私の声に気づいたタカシがこっちへ向かってくる。タカシ!LOVEタカシ!
タカシは私にウインクする。これがいつもの二人の合図。私たち、年に二度しか会えないけど、心でつながっているんだもの。
タカシはゆっくりと、歩く。くるりとターンしたり、体を揺らしたり私にウインクを投げたりしながら。タカシのその一挙手一投足に私の頭はクラクラしている時だった。

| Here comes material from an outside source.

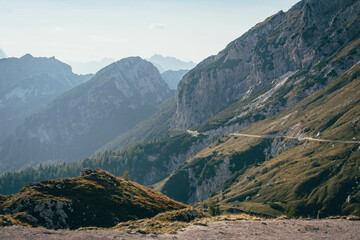 View of the mountains in the summer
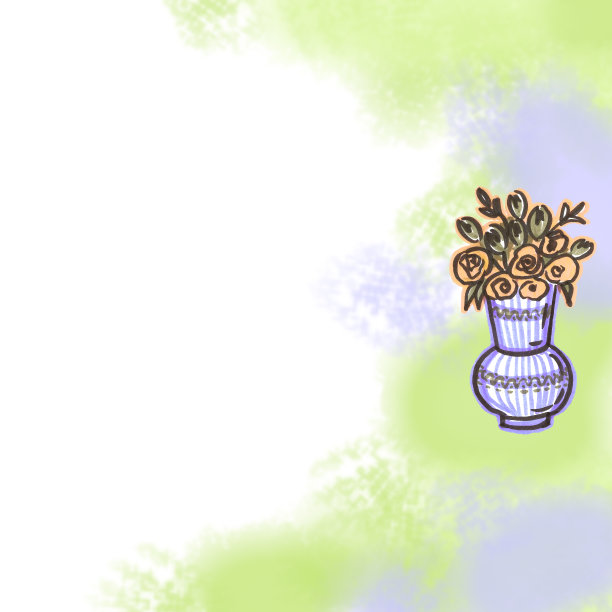 感觉钢笔模式模板邀请或贺卡庆祝在线艺术风格的白色和紫罗兰绿色背景的文本。橙色玫瑰在紫色花瓶中花束图片下载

床と平行に手首にスナップを効かせ、タカシは投げた!!私へのラブレター!サイン入りの色紙。
周りにいる女達が、自分への贈り物だと誤解して血眼でタカシが投げたそれをふんだくろうとするが、そうはさせない。私は勘違い女達の群れの合戦に飛び込んだ。少し血を見るぐらいどうってことないの。
「タカシと目がった!」「タカシ絶対こっち見てた!」「タカシに顔覚えられてる!」
Twitterで『タカシ』をキーワードに検索をかければこのように解釈を履き違えた哀れな女どもがたくさんひっかかるの。ふん、あんたたちみたいなブス、タカシに相手にされるわけないのよ。
そう、タカシは人気者。で、あるが故の苦しみを理解してあげられるのはたった一人。私だけなの。眩しいスポットライトを浴びながらキラキラ微笑むタカシ。その笑顔の奥に隠された深い孤独。私にはバレバレだよ、タカシ?抱きしめてあげたい。そんな思いが溢れて、もうどうにも止まらないの。
「タカシ、来月出る新曲のCD、五十枚買うからね。」
部屋の壁に貼った美しくも平らなタカシに、私はそっとキスをする。